R: rvest, text2vec, Matrix, textcat, irlba, NNMF
Facilitate topic identification for Knowledge Base articles
- The Knowledge Base consists of 34,646 html files which have mostly homogeneous structure. (example below)
- The articles are highly domain specific and have a lot of terms which are not present in standard language dictionaries.
- The articles are not in the same language (~24,000 are in English). Due to time constraints our team decided to focus on those. The languages were identified using textcat.
- The html files were parsed with rvest and the content within div elements with class=”content” was extracted. The individual documents were created by concatenating the Details, Solution and Keywords subsections from the html files.

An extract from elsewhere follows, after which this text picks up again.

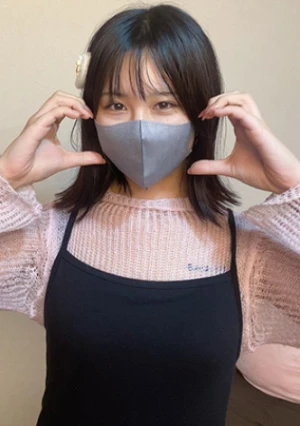 【乳首イキ率は100％です！】アイドル志望のなにわ女子！そんな君が一番エロいエロいよエロすぎる【あかり(23)】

- Then the raw contents were tokenized and POS-tagged using openNLP. This the most computationally expensive task.
- We tried different ways to obtain a reasonable vocabulary for the construction a document-term matrix. The most effective strategy was filtering out tokens tagged with something different than NN, NNS, NNP, NNPS. This was not very surprising since nouns give substantial part of information about the topic.
- The vocabulary was also pruned based on frequency metrics, e.g terms which appear in many or in very few documents were removed.

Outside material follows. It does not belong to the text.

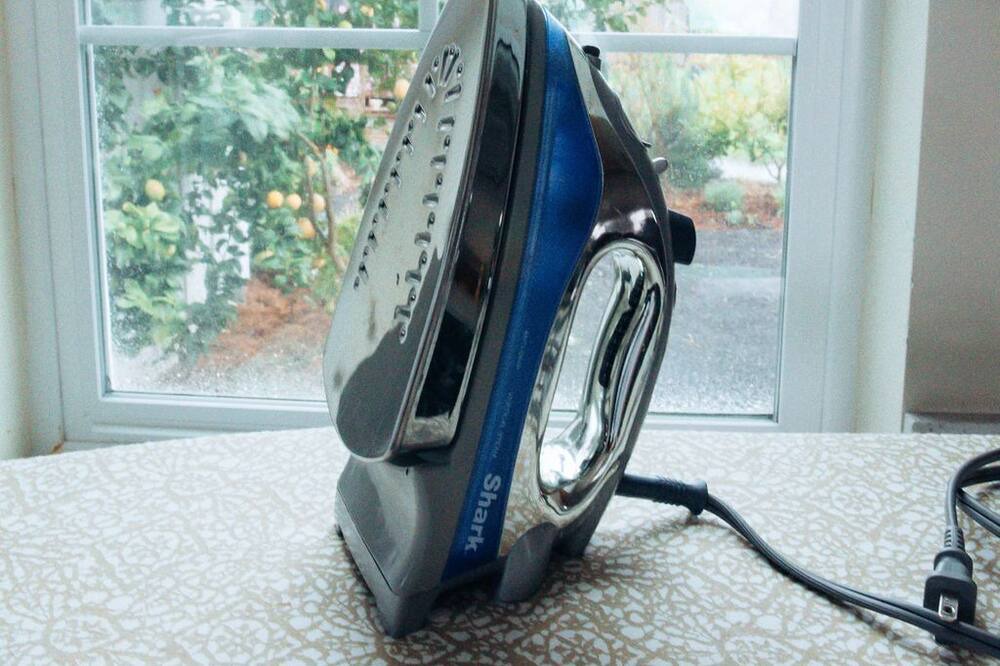 Photo of Others in Penngrove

Matrix factorization approaches were considered to battle the curse of dimensionality which you would see with distance-based clustering techniques. The results of matrix factorisation also elucidates topics when the dimensionality of the data is reduced.
To get suitable a matrix for factorisation, we converted the values of the document-term matrix to tf-idf scores, before applying two different factorisation techniques, as listed below:
- SVD (Singular Value Decomposition)
- NMF (Non-negative Matrix Factorisation)

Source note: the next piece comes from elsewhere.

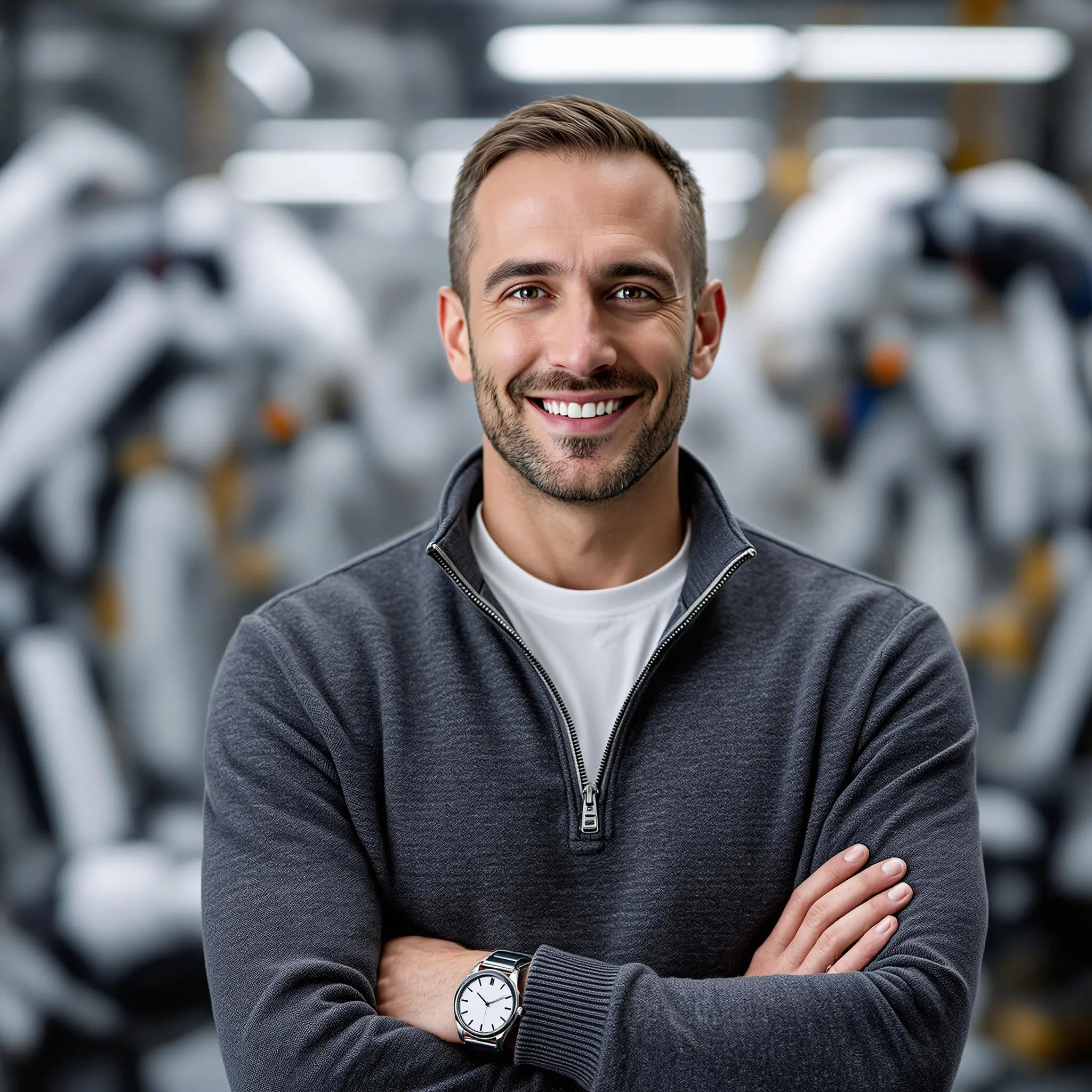 HeadshotKiwi for professional headshots done in 30 minutes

- Despite the dimensionality-reduction benefits it brings, interpretation of the results with SVD still poses a challenge. The term-topic matrix contains both positive and negative values, in which the positive values “promote” a certain term in a topic, and negative values “demote” the term in a topic. While the first and second topics could be rather easily explained in this way, the remaining topics are harder to handle, leading to the second approach with NMF.
- Results are clearer than with the SVD, as weights of terms now have only positive values; the higher the weights, the more a term “promotes” a certain topic. In the below screenshot, it is evident that topic 1 is about VMWare Fusion, and the other is about exposures and vulnerabilities.